It’s got a bit of an edge of the world view going on.
Maybe it’s the cool sharp rocks jutting out into the sea or maybe it’s the fact
we’re on a beach that has the sea either side of it.
It’s quite bizarre.
A Michelin star beach.
A Michelin Green star beach.
It’d be a great barbecue spot.
It’s a Michelin two star beach, you can’t really do a barbecue here.
Well you can.
What do you mean?
I’m having my barbecue here.
Barbecue, burgers and sausages all around.
You can’t do that.
You’re going to grill the whole British sausages, which are odd compared to German
He’s always looking for a fight isn’t he?
What would you rather have this or this.
British sausages on this beach.
Bring them to Sado.
Sit on the beach.
Enjoy the beach.
Swim in the water.
British and German sausages just simply do not match.
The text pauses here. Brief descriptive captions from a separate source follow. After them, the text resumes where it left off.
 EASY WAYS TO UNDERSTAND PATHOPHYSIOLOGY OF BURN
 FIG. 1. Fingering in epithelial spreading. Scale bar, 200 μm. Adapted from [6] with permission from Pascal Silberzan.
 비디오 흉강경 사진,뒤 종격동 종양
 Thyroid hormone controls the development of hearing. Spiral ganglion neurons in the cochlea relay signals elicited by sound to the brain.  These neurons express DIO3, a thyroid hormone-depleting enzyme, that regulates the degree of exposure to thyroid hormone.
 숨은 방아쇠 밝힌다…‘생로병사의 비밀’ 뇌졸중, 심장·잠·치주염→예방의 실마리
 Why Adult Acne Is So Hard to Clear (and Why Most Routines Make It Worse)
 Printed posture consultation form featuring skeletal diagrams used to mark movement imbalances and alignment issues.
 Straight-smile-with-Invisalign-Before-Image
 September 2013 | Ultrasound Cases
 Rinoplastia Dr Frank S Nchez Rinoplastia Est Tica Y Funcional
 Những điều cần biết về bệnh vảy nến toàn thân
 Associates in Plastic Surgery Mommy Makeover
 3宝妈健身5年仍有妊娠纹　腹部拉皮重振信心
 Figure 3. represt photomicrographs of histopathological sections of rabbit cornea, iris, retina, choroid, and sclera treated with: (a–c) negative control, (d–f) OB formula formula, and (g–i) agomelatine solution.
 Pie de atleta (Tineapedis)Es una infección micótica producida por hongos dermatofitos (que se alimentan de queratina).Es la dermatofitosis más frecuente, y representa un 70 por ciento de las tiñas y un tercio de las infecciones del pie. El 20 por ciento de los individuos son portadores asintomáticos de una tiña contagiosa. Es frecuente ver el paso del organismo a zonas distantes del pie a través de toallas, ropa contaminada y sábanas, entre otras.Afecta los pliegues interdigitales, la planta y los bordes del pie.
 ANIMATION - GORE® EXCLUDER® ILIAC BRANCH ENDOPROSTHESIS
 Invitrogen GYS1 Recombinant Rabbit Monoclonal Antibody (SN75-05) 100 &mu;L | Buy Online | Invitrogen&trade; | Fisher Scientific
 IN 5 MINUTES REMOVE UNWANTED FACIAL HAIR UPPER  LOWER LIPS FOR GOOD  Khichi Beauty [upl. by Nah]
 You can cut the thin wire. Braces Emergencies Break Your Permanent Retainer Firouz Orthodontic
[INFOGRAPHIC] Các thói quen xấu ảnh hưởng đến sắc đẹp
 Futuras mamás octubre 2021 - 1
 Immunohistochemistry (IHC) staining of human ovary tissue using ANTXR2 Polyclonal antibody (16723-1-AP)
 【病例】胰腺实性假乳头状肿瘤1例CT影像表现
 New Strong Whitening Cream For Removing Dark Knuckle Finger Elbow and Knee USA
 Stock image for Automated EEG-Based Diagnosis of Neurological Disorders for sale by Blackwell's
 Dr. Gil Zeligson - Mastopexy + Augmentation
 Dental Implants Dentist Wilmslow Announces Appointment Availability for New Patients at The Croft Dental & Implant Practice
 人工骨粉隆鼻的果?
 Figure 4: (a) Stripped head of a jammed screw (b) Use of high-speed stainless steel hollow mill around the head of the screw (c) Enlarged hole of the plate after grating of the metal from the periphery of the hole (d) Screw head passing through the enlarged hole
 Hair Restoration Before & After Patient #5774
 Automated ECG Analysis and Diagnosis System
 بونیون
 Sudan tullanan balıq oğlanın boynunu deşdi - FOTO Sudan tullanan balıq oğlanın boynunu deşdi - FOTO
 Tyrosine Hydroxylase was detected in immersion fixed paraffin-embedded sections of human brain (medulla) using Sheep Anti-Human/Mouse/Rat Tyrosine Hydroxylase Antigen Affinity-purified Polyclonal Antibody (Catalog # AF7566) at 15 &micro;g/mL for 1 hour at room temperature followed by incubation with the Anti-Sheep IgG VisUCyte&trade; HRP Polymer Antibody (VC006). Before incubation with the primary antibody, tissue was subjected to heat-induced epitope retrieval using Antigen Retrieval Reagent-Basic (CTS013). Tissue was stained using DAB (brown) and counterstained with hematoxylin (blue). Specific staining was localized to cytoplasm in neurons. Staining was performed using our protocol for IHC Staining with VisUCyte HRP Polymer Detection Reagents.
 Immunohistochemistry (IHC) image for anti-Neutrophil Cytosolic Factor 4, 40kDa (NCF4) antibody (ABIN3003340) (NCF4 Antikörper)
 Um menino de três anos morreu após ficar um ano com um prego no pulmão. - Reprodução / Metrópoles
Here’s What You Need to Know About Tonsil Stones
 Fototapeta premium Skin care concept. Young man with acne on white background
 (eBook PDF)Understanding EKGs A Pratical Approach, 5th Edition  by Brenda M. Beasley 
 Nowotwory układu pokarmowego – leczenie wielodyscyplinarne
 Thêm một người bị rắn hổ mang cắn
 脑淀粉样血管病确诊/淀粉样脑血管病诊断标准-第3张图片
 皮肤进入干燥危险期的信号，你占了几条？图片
Sado Island is a great little get away for those looking for a weekend away from Tokyo.
Best enjoyed outside of the winter months, it’s pretty easy to reach, with just a two
hour bullet train ride from Tokyo to Niigata and then an hour long boat ride across the
sea of Japan.
For more information on the places we visited you can find the details in the description
box below.
Sado surprised me.
It was a pretty nice little island.
For me the highlight though had to be the robot miners from the future who will inevitably
take over the world.
How about you, what was your highlight?
My highlight will be exchanging this with three
Big Macs.
Three Big macs?
A little bit ambitious.
No, no, no.
I’m talking reality here.
I’m talking reality here?
All right good luck with that.
What a muppet.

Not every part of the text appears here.